Worry No. 6 to set aside: Driverless cars
Although people are afraid of driverless cars, unless you live in certain areas you’re unlikely to run into them—figuratively or literally. There will be accidents, even fatalities, but driverless cars will likely be safer than cars driven by those meat-computers above our shoulders. Once driverless cars are widespread you’ll still be more likely to be killed by a driver from New Jersey. Seriously, New Jersey shouldn’t be allowed to issue driver’s licenses (no offense).

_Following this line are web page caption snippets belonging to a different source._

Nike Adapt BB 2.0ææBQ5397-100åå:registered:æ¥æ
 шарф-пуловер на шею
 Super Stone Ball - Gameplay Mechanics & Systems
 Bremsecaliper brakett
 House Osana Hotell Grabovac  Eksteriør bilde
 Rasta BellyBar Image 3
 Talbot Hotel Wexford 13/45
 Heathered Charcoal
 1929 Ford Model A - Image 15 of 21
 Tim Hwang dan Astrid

Worry No. 7 to set aside: Having to use Snapchat
Thankfully, Snapchat isn’t going to become a social network thing you don’t want to do but have to do for some kind of professional or important social reason. Snapchat’s earnings (umm, loss) and usage statistics have all the signs of it being the next Friendster or Google Plus. I for one am ready to not see any more people with puppy ears.
Worry No. 8 to set aside: Using Spark in production
Apache Spark has been ready for production for a while. This is not to say there aren’t warts and problems, but I mean you run Oracle in production and that things is as operationally sound as an abused child; you just got good at dealing with it. The same will be true with Spark.
Worry No. 9 to set aside: Your RDBMS
Sure, you may use MongoDB or some other newfangled database, but your RDBMS isn’t going away. It turns out that joins are still pretty useful. Eventually, the newfangled databases will integrate more distributed scale-out features, so you’ll pay a higher premium for them. In general, costs are going up here anyhow; if you’ve bought an enterprise license for a NoSQL product recently, you’ve discovered this. So even more reason to keep your RDBMS.
Worry No. 10 to set aside: Digital transformation
“Digital transformation” isn’t happening this year. Research says that most CIOs have a plan but no plan to implement it. Key to this is that many companies haven’t really updated the way they find what they already have. As I know from my work at a search company, search is really the first step of digital transformation. If you spike the ball on modernizing your search strategy and technology, your digital transformation is unimplementable.